Es ist die nächste Schlappe für den britischen Premierminister Boris Johnson. Das Oberhaus in London hat das Gesetz zur Verhinderung eines No-Deal-Brexits zugestimmt. Bedeutet auch, dass es nun eine Verschiebung des Austritts-Datums geben muss, falls es bis zum 19. Oktober keine Einigung mit Brüssel über ein neues Abkommen gegeben sollte. Das Gesetz muss noch von der Queen unterzeichnet werden, was sie am Montag machen will.

Der schon am Mittwoch vom Unterhaus verabschiedete Gesetzesentwurf macht einen EU-Austritt ohne Abkommen unwahrscheinlicher, aber ganz ausgeschlossen ist ein No-Deal-Brexit aber noch nicht. Das Gesetz, was jetzt vom Oberhaus gebilligt wurde, setzt der Regierung von Johnson eine Frist bis zum 19. Oktober.

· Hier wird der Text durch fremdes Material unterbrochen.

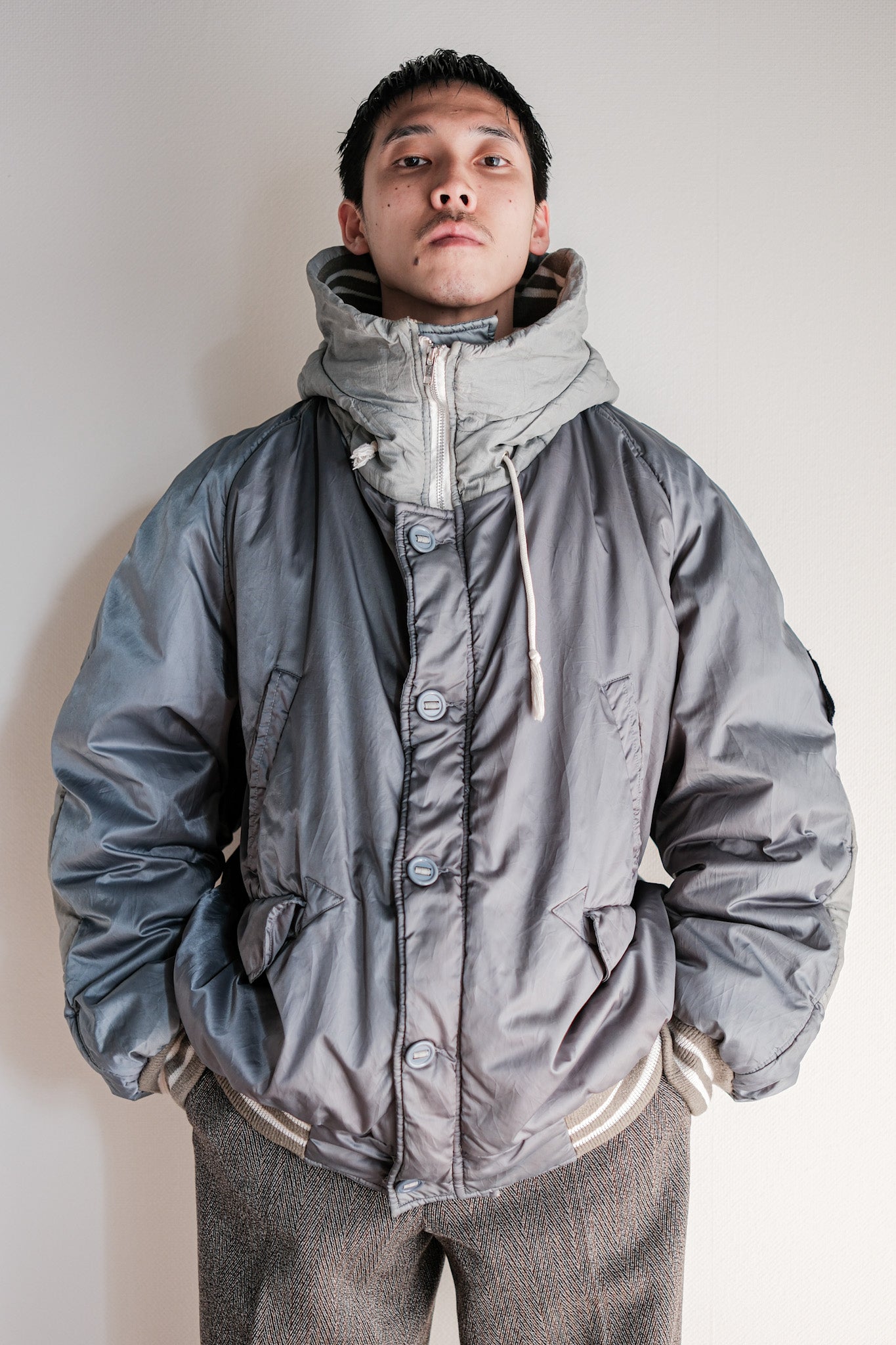 【~80's】Old BONEVILLE Navy Arctic Hooded Jacket Size.54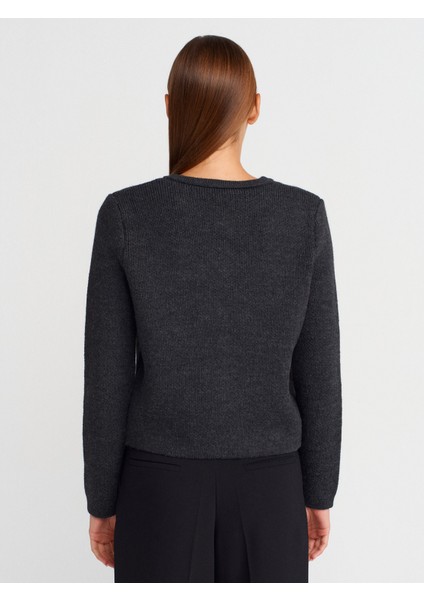 60983 Incili Fiyonk Aksesuarlı Triko Hırka-Antrasit fiyatları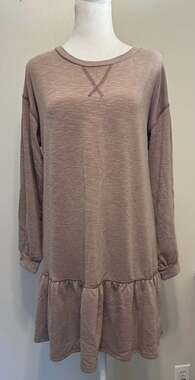 Beige Long Sleeve Swing Dress By GILLI Size M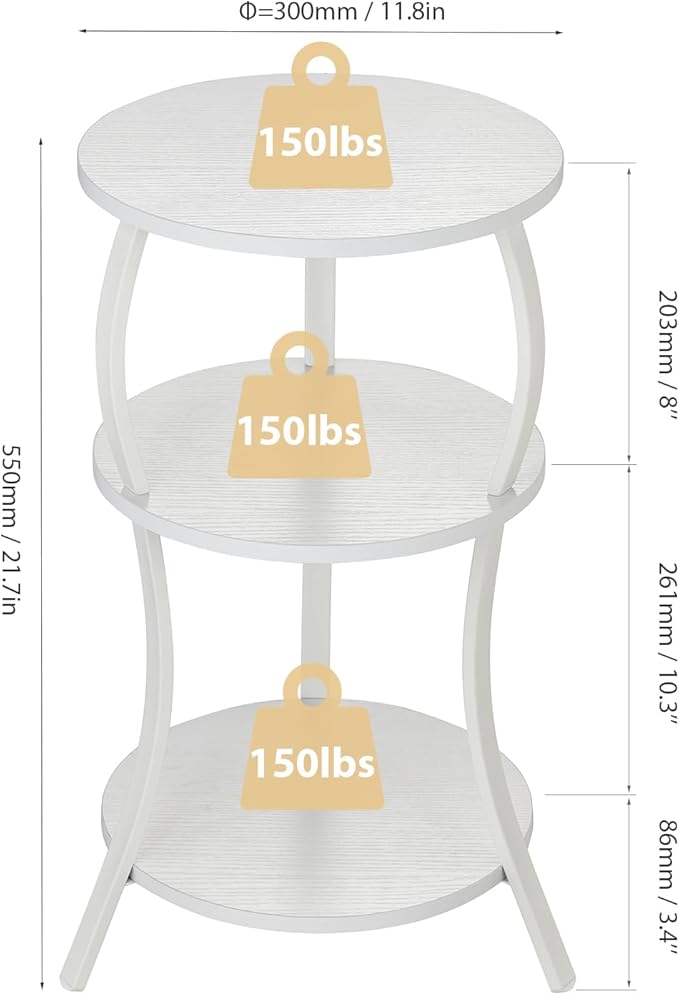 Vintage Small Round Side Table, 3-Tier Slim Waist Circular End Table - Image 3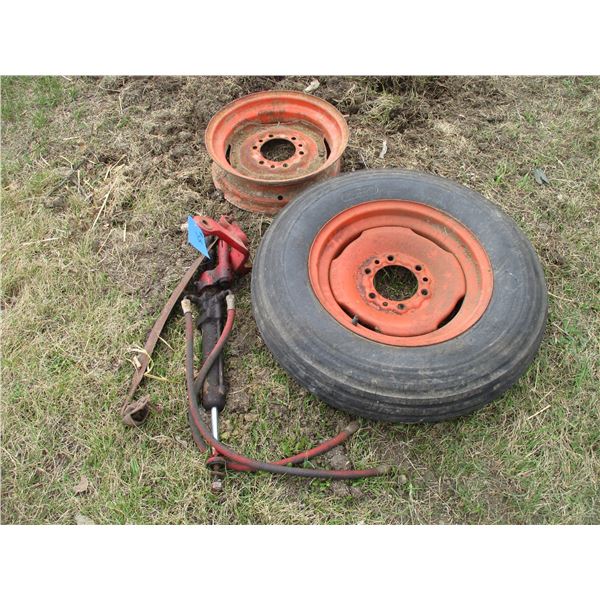 (2) rims - 1 with tire 6.50-16 + misc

Wenn das Parlament bis dahin kein Abkommen mit der Europäischen Union abgesegnet hat, muss die Regierung in Brüssel eine Verschiebung des Austritts beantragen. Der neue Austrittstermin wäre dann am 31. Januar 2020.

Eine Ausnahme wäre nur dann, wenn das Parlament für einen No-Deal-Brexit zustimmen würde, was aber eher unwahrscheinlich ist, weil die Mehrheit der Abgeordneten im Unterhaus dagegen ist. Johnson will aber auf Neuwahlen setzen, um dann mit einer neuen Mehrheit einen harten Brexit durchzubekommen, doch ein Antrag von Johnson wurde am Mittwoch vom Parlament abgelehnt und hatte nicht die Zwei-Drittel-Mehrheit erreicht.